Here’s one of the how’s, one of the guiding values, we want to live by as a community: UNFORCED.  Listen to Jesus’s words to people who, like the widow, have been eaten up and worn out by religion:

“Walk with me and work with me—watch how I do it. Learn the unforced rhythms of grace. I won’t lay anything heavy or ill-fitting on you. Keep company with me and you’ll learn to live freely and lightly.”” Matt. 11:28-30 (MSG)

Isn’t “unforced rhythms of grace” an intriguing and inviting phrase?  Here’s the thing about rhythms – they are intrinsically about change, about periods of activity or work alternating with periods of silence and rest.  So a rhythm of grace might be about alternating periods (each day, each week, each year) of giving and serving, of pouring yourself out for others, with periods of rest and renewal, of soaking in the grace available to you.

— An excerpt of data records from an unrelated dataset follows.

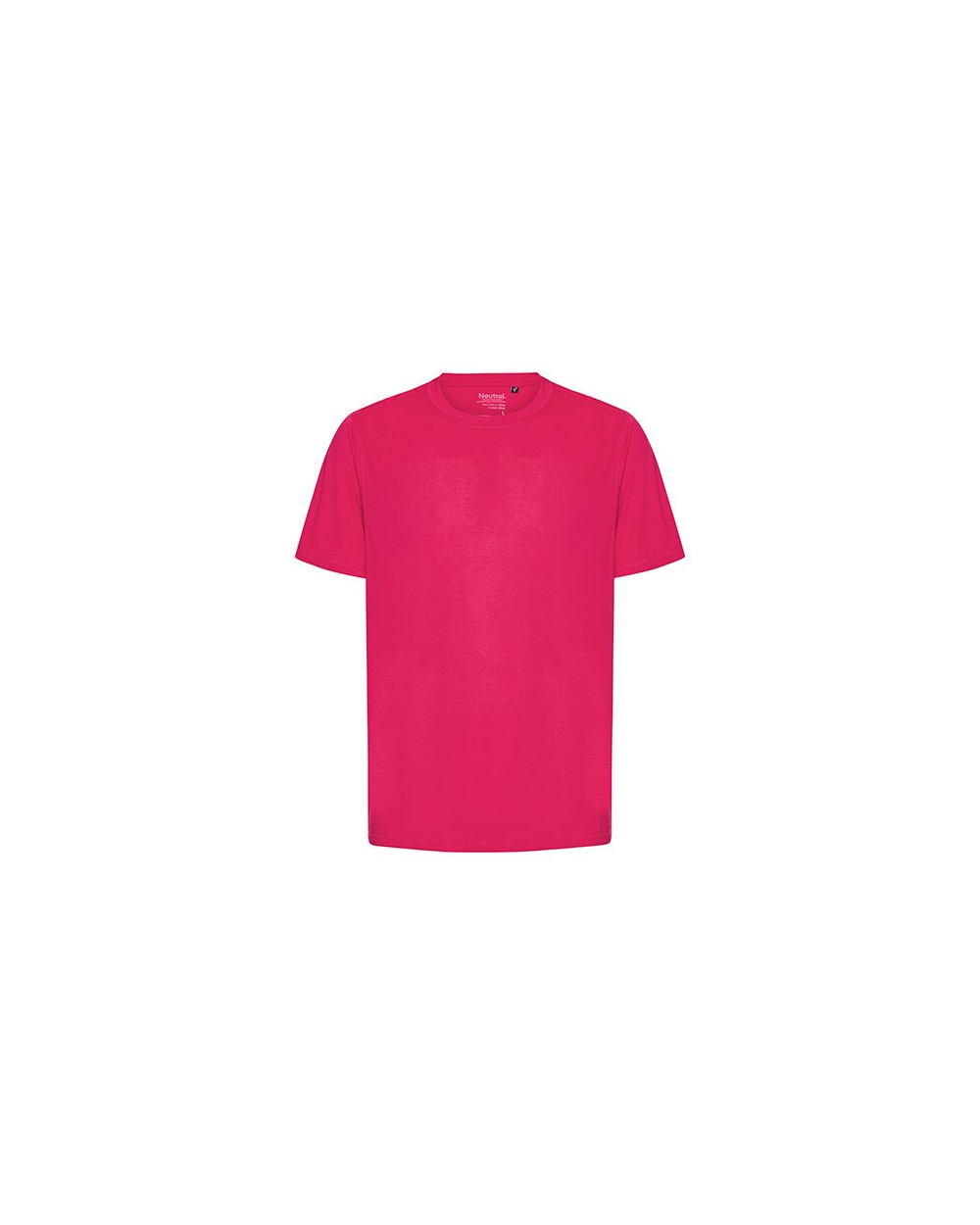 T-shirts NEUTRAL RECYCLED PERFORMANCE T-SHIRT voor bedrukking &amp; borduring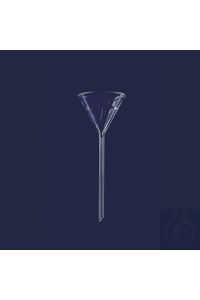 analitik huni-cam-80mm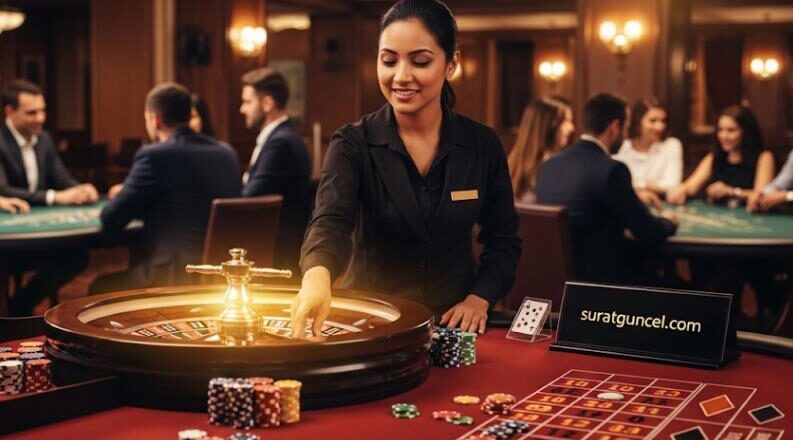 Surat bet ile Bahiste Fark Yaratan Teknoloji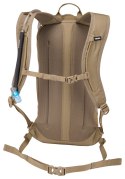 Thule Alltrail TAHP210 Faded Khaki plecak Plecak podróżny Poliester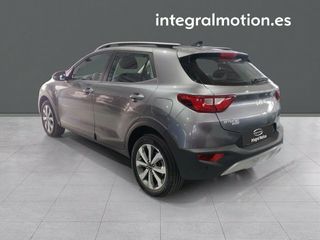 Kia Stonic 1.0 T-GDi 74kW (100CV) MHEV MT Drive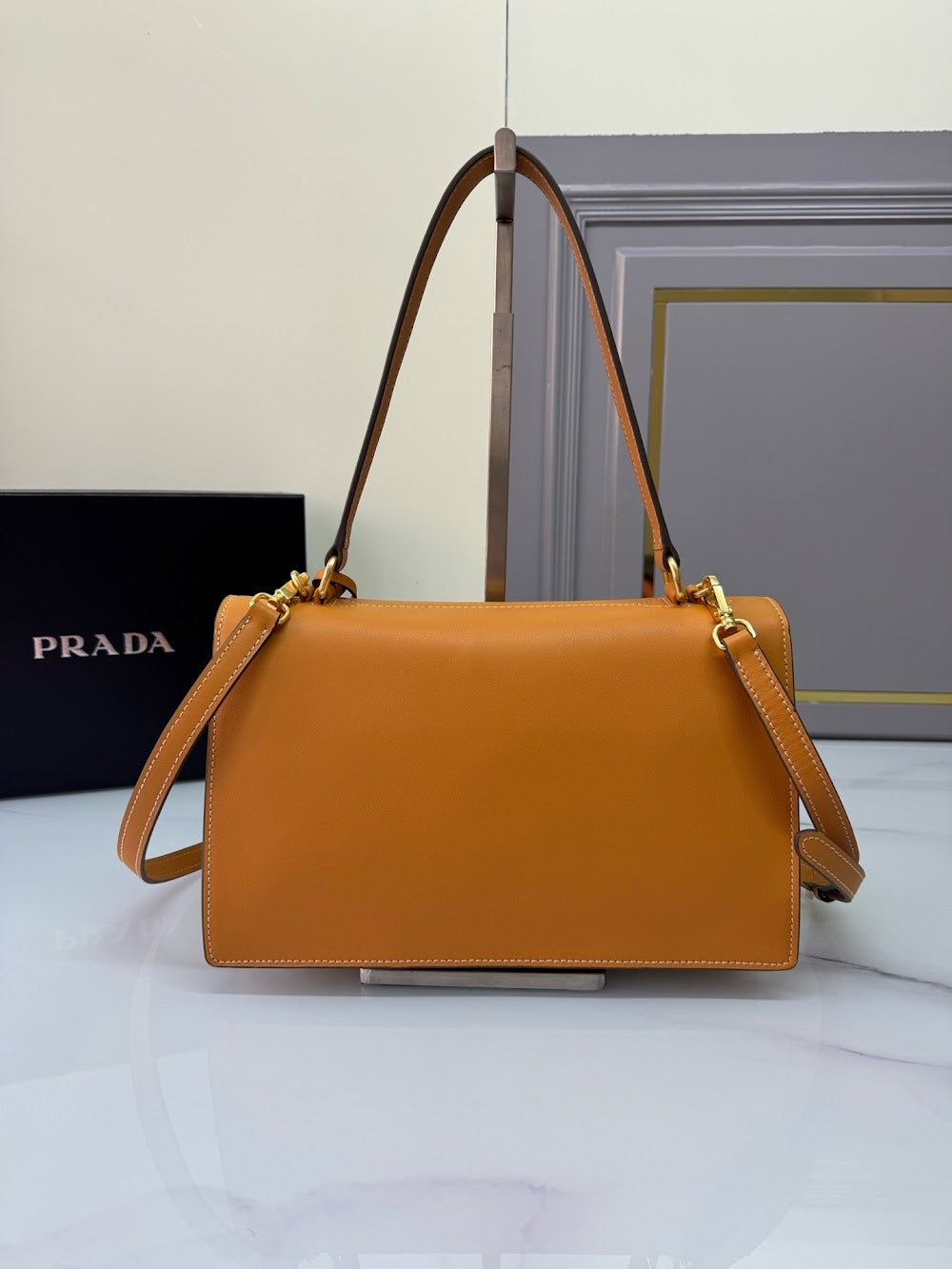 Dragons Bags Pradn Luxury Bag --102657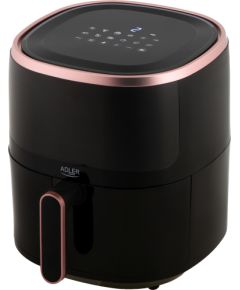 Adler AD 6322 Karstā gaisa cepšanas ierīce 12in1 5L 2000W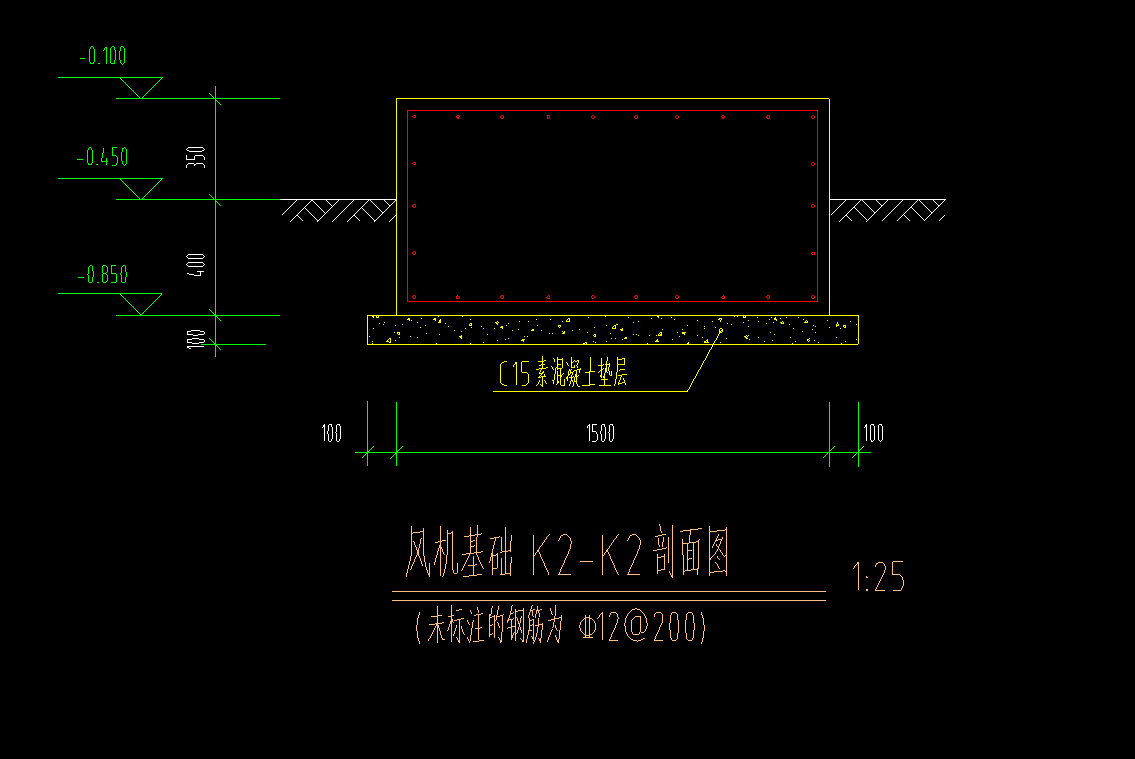手算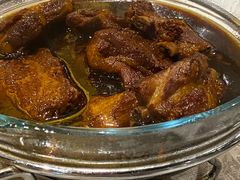 -香云轩·顺德菜(香云纱园林酒店店)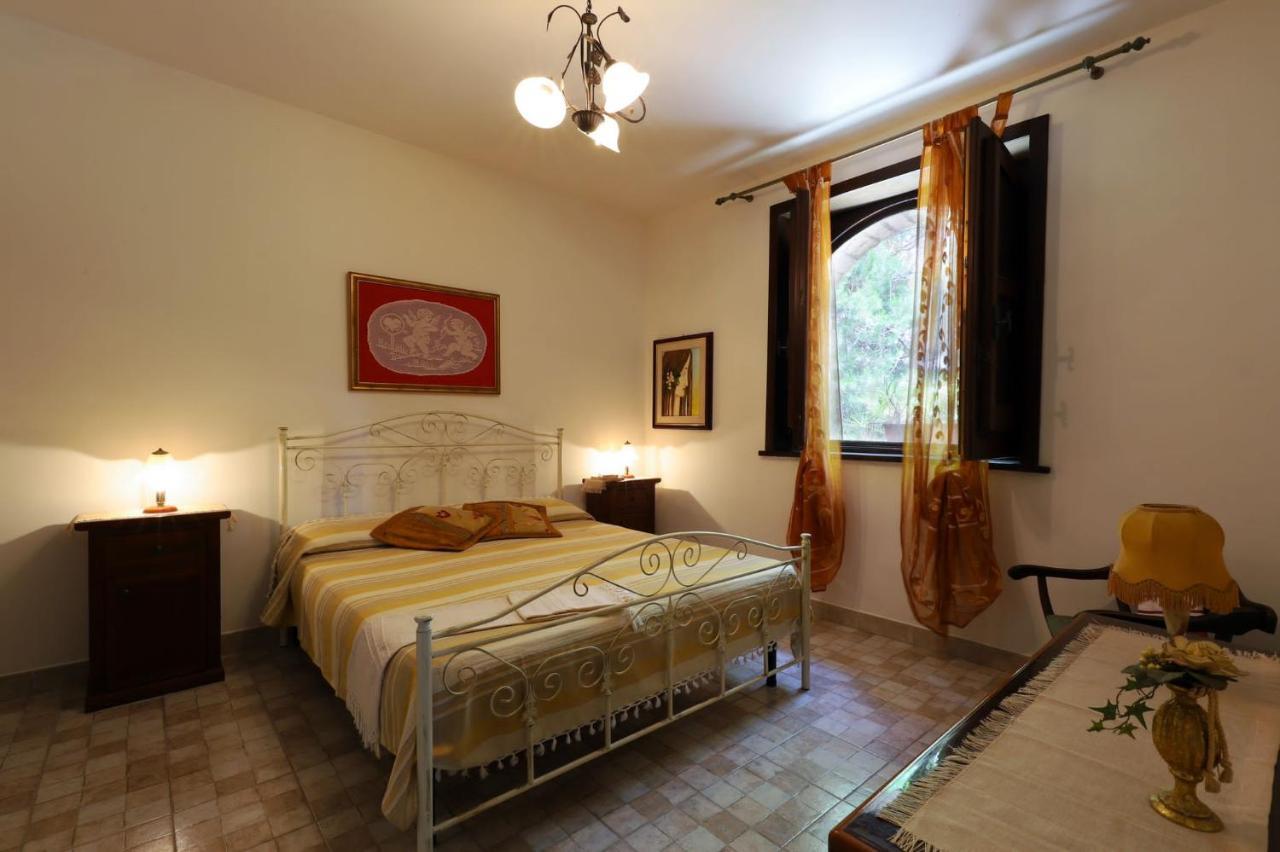 Salento D A Mare Villa Torre Pali Exterior photo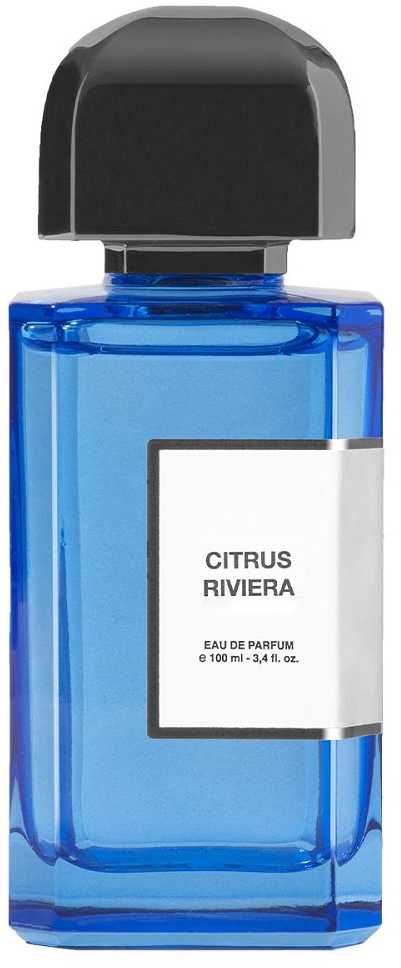 BDK Parfums Citrus Riviera EDP parfumuotas vanduo, 100 ml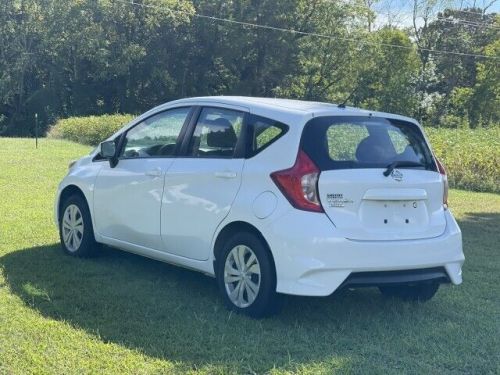 2018 Nissan Versa, US $10,990.00, image 2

What if you have the inner freedom to discern and to choose, to talk with Jesus about what you can actually afford to give and what you need to receive?  What if we as your leaders commit to honoring that freedom and apologizing when we begin to put our agenda over your soul?  That might look like celebrating people who realize they need to give less financially right alongside those who decide to give more when both are hearing and responding to Jesus’s work in their lives.  It might also look like encouraging you not to come to a meeting or to volunteer for something if being involved would put you over your capacity in other areas of your life, like family and friends.  “What’s my capacity” should be a question we encourage you to pray over frequently, whether it leads you to have more people over for dinner that week or less, to give more or to rest more.  (So don’t be surprised if we roll out a little speaker unit some Sunday in place of the full AV set-up – we’ll celebrate that if it means we didn’t devour some poor team member that morning!)

Here’s a different way of picturing what this kind of UNFORCED community is like. (Footnote 3)  We’re so used to imagining leadership as coming from the top, managers from high atop the pyramid, barking out orders – build here, put that brick there, this way, not that way.  What if spiritual leadership is meant to be more organic and work from the bottom, like the trunk of a spreading tree?  The trunk isn’t particularly exciting; the branches are where the growth happens, the beautiful and dynamic stuff like blooming and bearing fruit.  The trunk’s job is just to help connect those branches with the nourishment they need from the roots.  You, my friends, are the branches.

If we commit to living this way, as a community, as an institution, it may not increase our budget.  We may not grow bigger; I’m pretty confident we’re not going to grow much fancier!  What if we focused instead on growing deeper, closer to Jesus and to each other?  What if we grew wider and yes, even fruitier, and made more and more of a difference in the community God’s planted us in?  We might find more people joining us on a Sunday morning, we might not.  But we would be growing in the ways that matter most. 

Postscript: At the end of this sermon, I invited up anyone who’d like to respond tangibly during the next worship song by adding or pulling down some bricks from the Duplo house a young friend had built for me up front.  A few accepted and made some small adjustments.  When the service was over and people were milling around talking, a woman came over, a mixture of eagerness and tentativeness, asking if she could still work with the bricks.  Given an “of course,” she rapidly went to work, enthusiastically yanking brick after brick apart, laying almost the whole building to waste!  “Are these the roots?” she asked me.  Friend, if you tell me those are the roots, they’re the roots.  “Good,” she responded, “I’ll leave the roots.”   

 

1  The original paper presenting this alternative reading of the widow’s mite can be found here: http://www.pas.rochester.edu/~tim/study/Widow's%20Mite.pdf.

2 Thanks to V.R. Marianne Zahn for this insight, https://www.huffingtonpost.com/vr-marianne-zahn/post_10560_b_8596712.html.

3  This imagery is borrowed from a quirky and wonderful business classic, Orbiting the Giant Hairball, “The Pyramid v. the Plum Tree,” by Gordon MacKenzie.